(Activity): Look through the entries below and extract exactly the lines from the one containing "Finished highland cow, mountains" through the one containing "Directly above shot", ends included.

BEGIN

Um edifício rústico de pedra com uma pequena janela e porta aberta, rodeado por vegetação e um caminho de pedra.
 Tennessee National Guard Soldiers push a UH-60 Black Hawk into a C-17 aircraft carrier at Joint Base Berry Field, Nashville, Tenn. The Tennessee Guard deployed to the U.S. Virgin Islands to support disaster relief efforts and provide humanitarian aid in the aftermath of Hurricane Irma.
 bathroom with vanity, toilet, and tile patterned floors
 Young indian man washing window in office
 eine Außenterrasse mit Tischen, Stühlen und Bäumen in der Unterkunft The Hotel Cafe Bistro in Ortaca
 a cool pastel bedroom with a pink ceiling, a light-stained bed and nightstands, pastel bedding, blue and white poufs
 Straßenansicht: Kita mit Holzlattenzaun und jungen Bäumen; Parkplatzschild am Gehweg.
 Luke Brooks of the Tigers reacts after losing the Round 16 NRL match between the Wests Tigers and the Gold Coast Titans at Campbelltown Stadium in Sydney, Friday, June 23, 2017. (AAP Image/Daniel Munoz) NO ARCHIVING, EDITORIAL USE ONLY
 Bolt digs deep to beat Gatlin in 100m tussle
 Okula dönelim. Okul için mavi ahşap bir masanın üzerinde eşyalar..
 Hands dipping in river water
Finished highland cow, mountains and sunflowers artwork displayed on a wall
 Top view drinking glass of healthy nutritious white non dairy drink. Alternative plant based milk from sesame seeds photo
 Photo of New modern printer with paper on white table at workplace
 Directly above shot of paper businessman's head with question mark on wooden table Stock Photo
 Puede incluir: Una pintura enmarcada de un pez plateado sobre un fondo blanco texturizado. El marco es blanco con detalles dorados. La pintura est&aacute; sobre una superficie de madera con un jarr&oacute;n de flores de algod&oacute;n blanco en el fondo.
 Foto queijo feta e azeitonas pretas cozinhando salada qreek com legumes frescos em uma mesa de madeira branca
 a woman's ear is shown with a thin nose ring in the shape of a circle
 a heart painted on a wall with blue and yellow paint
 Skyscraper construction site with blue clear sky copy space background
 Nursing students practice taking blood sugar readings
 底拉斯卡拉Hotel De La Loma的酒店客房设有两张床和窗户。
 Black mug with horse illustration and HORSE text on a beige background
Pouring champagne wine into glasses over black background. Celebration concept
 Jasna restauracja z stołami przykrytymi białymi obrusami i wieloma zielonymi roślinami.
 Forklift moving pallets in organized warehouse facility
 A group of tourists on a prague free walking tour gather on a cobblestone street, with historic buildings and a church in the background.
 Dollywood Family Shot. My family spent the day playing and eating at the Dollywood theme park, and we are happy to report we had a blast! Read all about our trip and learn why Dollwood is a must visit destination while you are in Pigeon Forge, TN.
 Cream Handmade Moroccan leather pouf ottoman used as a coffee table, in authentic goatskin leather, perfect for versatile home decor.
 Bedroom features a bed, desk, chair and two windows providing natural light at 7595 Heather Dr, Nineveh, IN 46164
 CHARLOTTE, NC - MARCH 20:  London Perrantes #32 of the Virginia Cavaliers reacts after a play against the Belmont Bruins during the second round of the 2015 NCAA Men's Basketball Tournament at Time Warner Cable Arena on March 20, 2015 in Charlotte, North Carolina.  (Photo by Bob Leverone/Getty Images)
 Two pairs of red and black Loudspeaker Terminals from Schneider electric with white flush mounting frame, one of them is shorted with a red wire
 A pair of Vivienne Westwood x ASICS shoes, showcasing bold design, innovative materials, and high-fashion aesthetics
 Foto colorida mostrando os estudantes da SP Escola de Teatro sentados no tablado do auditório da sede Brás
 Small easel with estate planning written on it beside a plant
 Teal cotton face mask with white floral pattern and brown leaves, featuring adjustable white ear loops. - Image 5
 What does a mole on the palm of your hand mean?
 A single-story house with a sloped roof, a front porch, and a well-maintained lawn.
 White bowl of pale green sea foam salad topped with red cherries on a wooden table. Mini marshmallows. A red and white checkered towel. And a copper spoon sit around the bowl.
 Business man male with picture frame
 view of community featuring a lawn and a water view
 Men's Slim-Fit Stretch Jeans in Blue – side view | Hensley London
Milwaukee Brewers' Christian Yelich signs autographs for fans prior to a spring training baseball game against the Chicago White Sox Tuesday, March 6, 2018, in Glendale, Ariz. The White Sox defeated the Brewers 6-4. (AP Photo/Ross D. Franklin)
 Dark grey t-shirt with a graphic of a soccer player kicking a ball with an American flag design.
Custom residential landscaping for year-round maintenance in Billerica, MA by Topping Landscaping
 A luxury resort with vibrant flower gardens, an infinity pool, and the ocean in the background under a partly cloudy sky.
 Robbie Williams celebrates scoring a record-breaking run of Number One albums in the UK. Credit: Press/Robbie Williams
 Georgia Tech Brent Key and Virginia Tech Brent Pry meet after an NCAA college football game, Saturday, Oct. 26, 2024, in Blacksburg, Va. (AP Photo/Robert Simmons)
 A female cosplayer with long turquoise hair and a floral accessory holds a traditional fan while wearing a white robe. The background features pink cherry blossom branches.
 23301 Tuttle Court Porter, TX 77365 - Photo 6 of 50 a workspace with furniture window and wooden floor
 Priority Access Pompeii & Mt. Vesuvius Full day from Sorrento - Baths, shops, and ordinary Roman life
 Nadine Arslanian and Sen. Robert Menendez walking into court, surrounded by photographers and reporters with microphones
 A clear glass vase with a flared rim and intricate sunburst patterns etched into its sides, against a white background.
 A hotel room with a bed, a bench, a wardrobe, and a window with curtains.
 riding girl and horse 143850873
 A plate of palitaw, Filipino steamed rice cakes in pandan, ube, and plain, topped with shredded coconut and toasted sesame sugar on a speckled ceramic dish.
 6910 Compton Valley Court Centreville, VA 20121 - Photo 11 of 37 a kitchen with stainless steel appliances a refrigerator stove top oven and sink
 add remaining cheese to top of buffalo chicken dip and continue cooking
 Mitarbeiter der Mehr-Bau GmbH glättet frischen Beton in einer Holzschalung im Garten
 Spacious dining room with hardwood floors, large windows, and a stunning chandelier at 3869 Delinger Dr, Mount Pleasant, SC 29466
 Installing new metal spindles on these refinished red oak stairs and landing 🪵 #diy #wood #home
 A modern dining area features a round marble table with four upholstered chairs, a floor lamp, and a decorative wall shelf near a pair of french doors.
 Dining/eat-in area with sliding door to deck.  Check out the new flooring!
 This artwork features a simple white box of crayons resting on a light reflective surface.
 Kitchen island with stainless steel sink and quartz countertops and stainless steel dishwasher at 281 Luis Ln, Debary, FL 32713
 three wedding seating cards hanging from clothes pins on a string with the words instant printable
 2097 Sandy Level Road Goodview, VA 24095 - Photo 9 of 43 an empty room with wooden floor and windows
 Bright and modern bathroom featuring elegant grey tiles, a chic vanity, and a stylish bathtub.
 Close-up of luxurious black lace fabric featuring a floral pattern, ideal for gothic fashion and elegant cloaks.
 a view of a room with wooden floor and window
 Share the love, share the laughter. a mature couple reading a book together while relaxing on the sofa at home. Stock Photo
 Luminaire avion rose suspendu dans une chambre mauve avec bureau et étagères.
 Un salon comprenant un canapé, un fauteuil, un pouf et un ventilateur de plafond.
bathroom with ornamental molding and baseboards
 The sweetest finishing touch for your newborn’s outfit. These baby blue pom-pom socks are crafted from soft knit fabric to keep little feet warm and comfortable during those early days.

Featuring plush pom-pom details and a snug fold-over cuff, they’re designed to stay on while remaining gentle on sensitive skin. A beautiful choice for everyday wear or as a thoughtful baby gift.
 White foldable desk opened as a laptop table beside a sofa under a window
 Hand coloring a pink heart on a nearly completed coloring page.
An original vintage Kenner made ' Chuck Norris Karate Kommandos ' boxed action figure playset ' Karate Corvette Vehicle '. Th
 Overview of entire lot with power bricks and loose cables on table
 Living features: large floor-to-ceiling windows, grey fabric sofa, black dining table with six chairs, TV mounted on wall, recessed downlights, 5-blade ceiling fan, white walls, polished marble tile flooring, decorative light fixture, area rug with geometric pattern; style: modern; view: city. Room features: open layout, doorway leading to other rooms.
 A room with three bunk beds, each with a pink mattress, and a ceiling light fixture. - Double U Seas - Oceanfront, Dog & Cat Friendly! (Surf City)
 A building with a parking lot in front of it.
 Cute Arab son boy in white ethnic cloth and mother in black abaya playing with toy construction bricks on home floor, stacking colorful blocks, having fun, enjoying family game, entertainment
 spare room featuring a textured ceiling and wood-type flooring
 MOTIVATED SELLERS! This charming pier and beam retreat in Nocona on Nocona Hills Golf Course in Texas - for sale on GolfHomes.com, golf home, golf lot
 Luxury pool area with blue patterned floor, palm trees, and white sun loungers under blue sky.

END

(Task solution):
Finished highland cow, mountains and sunflowers artwork displayed on a wall
 Top view drinking glass of healthy nutritious white non dairy drink. Alternative plant based milk from sesame seeds photo
 Photo of New modern printer with paper on white table at workplace
 Directly above shot of paper businessman's head with question mark on wooden table Stock Photo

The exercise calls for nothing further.